[Short text fragments from websites]
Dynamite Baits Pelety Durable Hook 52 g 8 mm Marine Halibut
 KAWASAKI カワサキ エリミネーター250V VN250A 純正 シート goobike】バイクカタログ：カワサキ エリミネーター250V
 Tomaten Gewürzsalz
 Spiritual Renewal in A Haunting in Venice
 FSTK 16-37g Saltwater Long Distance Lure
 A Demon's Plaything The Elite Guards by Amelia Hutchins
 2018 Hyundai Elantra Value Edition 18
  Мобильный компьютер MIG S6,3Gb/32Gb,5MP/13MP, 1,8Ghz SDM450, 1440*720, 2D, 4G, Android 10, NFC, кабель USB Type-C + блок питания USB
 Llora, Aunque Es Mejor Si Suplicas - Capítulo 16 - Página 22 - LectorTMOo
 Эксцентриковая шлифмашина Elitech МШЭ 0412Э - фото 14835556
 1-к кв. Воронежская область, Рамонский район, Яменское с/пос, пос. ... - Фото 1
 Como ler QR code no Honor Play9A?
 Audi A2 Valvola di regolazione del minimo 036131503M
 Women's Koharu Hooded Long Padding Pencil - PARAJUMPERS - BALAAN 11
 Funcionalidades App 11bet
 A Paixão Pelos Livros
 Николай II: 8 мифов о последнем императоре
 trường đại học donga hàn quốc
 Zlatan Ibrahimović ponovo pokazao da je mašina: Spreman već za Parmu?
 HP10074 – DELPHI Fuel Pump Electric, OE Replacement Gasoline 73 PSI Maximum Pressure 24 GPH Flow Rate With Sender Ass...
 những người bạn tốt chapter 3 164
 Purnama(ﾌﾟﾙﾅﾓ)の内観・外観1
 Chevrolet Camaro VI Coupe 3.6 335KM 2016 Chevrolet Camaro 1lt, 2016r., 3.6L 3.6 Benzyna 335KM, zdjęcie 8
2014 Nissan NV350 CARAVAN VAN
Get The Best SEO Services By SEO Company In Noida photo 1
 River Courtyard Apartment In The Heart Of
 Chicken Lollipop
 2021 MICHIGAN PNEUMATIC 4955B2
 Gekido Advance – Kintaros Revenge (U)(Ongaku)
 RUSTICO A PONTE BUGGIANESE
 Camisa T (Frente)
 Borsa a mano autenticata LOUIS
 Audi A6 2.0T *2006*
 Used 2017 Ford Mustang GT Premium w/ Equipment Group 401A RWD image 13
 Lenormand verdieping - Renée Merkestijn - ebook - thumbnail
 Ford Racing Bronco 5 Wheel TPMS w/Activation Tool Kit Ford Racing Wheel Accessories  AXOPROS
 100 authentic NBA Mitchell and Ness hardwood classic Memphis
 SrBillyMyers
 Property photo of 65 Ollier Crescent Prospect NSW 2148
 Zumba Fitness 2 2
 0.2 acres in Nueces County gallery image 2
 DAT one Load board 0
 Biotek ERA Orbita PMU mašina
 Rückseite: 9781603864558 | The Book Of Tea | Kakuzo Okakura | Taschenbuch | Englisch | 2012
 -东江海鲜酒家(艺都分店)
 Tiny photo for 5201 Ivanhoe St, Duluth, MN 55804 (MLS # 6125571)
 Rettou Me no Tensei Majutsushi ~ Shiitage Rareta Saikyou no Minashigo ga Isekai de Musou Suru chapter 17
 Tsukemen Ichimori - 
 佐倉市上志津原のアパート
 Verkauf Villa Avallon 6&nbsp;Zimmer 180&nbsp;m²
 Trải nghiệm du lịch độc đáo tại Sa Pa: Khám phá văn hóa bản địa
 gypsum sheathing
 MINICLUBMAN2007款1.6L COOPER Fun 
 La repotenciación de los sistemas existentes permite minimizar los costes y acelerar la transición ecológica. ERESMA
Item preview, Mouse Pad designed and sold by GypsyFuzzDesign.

*PROBLEM STATEMENT:*
Every line above that contains the word "Audi" should be reported.

*WRITTEN ANSWER:*
 Audi A2 Valvola di regolazione del minimo 036131503M
 Audi A6 2.0T *2006*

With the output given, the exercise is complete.